He barely managed to get himself over the side before he died.

***

Duncan had warned him they might have to jump for it, but Richie was totally unprepared for the shock of plummeting fifty feet into the cold, wet, miserable waves of the English Channel. Hitting the water drove the air straight out of his lungs and he plunged downward into the pitch dark with a burning chest. Disoriented, dazed, unable to see, he tried to kick his way to what might be the surface, had to breathe, sucked in a lungful of ocean, found the surface, screeched and choked and vomited until he could halfway breathe again. Pain like a dozen slicing razors cut through his lungs, and he flailed weakly in the waves, trying to do nothing more than not sink.

He saw, blurrily, the moon above. The cliffs, behind him. The bobbing lights of the Varla Sorev, disappearing at a fast rate. Something floated nearby, faintly illuminated by the moonlight. He swam toward it, battling the ache in his arms and weariness in his every bone, and after struggling with the two and three-foot waves for several minutes he snagged it with a half-choked yelp.

The floating object was Duncan's corpse. Richie had rarely seen Duncan dead, and it took a few seconds for him to remember the condition was just temporary. How temporary remained to be seen. He was glad Duncan was here with him, not still on the Varla Sorev, but soon discovered the Highlander was more hindrance than help in his current condition.

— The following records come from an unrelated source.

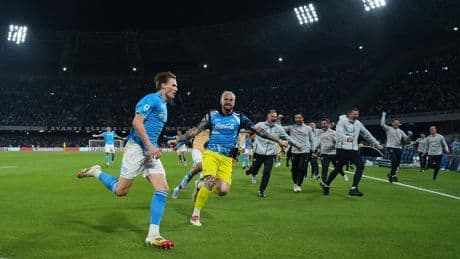 İtalya Serie A'da şampiyon Napoli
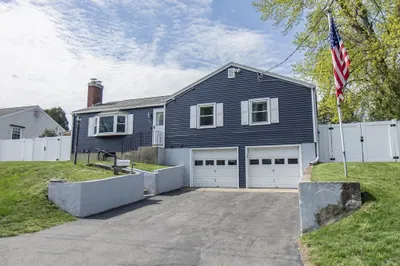 97 Pondview Dr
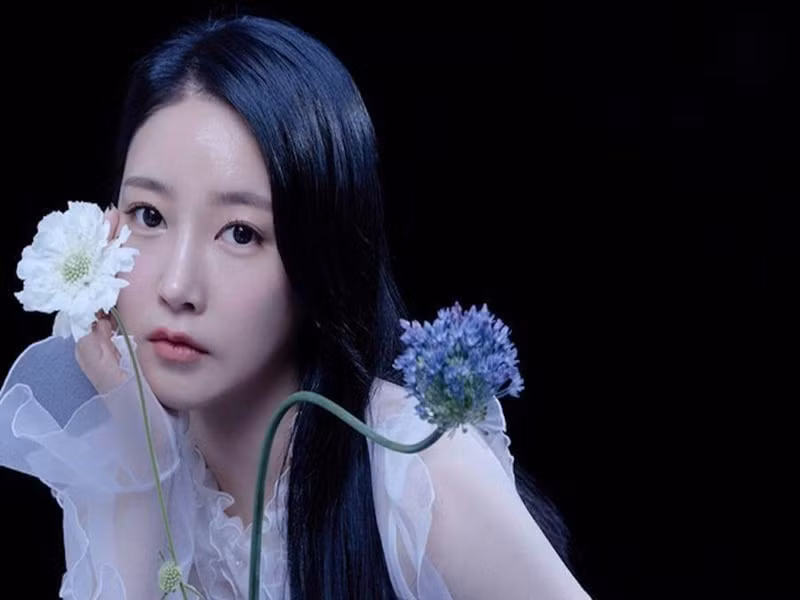 Năm 2016, Oh Jong Hyuk và Soyeon chia tay. "Đúng là họ đã chia tay trong thời gian gần đây. Chúng tôi không biết chính xác thời gian và lý do chia tay vì đây là chuyện cá nhân của họ", quản lý của Oh Jong Hyuk xác nhận. Năm 2020, bạn trai cũ của Soyeon kết hôn. Ảnh: Lao động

Richie had no idea what would happen if Mac sank to the bottom of the ocean. How could he revive and not instantly drown, time and time again, with the first intake of water into his mouth? What if sharks ate him - he didn't know if the English Channel had sharks, but with his luck it would -or fish ate him? He'd   
watched Duncan dive off Soldier's Bridge to rescue Connor, and decided he couldn't take the chance of letting Duncan's corpse sink.

Three years earlier he'd helped his friend Gary earn his lifeguard qualifications down at the YMCA. Richie remembered hours spent after school in the cold pool, letting Gary haul his skinny butt up and down the pool from one end to the other. He put Duncan in one of the holds Gary had practiced, careful to keep his head above water as much as possible. The choppy waves lifted and dropped them randomly, pushing them in cold swirls. The heavy taste of sale pickled his tongue and lips, along with a flatter, more metallic taste he couldn't immediately place -

Blood. The metallic taste was blood, either his or Duncan's. Horror twisted up through his stomach and he immediately retched, fouling the water around him even more. Frantically Richie kicked sideways, still dragging Duncan, but unable to do anything for a minute fight against the sick waves of panic and despair that threatened to blot out the world.

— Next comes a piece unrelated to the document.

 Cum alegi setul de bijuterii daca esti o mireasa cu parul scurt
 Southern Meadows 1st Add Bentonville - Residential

Finally he gathered his senses and forced himself to take some action. They couldn't just float in the water forever. Richie kicked off his sneakers to relieve some weight, then fumbled with Duncan's boots and sent them sinking as well. He squinted at the distant cliffs and wondered about tide and currents. He didn't think he was a strong enough swimmer to get both him and Duncan to shore. But he had to try. Until he was dead in the water, he had to try. Mac would do the same for him, after all.

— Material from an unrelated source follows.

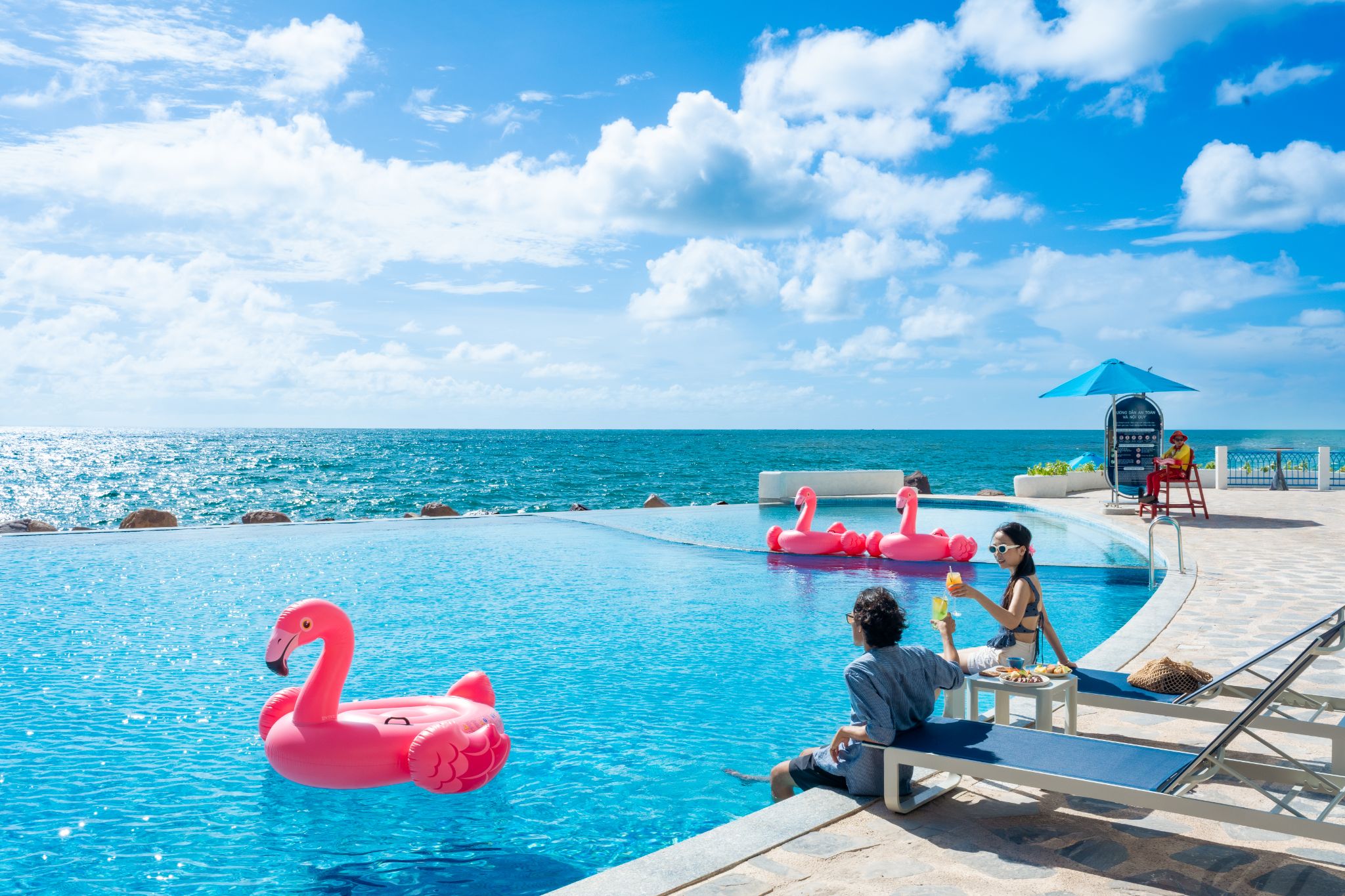 Santo Beach Club – tọa độ check-in với view biển xanh thu trọn chân trời du khách không nên bỏ lỡ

Richie squeezed his eyes shut for a moment. He hadn't prayed in a long time, but he hadn't been this motivated in a long time, either. Okay, God, he thought. Just let me get to shore. Let me get to shore with Duncan and you can have anything You want after that.

Please.

He opened his eyes and started swimming with his grisly burden toward the cliffs. A rumble in his stomach reminded him he hadn't eaten since lunch at the Hard Rock Cafe, twelve or thirteen hours earlier. He ignored the gnawing growls. His left arm, hooked under Duncan's shoulder and head, cramped and turned leaden. He ignored that too. He couldn't keep up a strong sidestroke, so paced himself with twenty strokes, rest for a count of one hundred twenty. Twenty strokes, hauling a soaking wet corpse that outweighed him by about forty pounds. Rest for roughly two minutes, trying to catch his breath and keep oriented between the blurry and shifting edges of the night sky, sea and stars.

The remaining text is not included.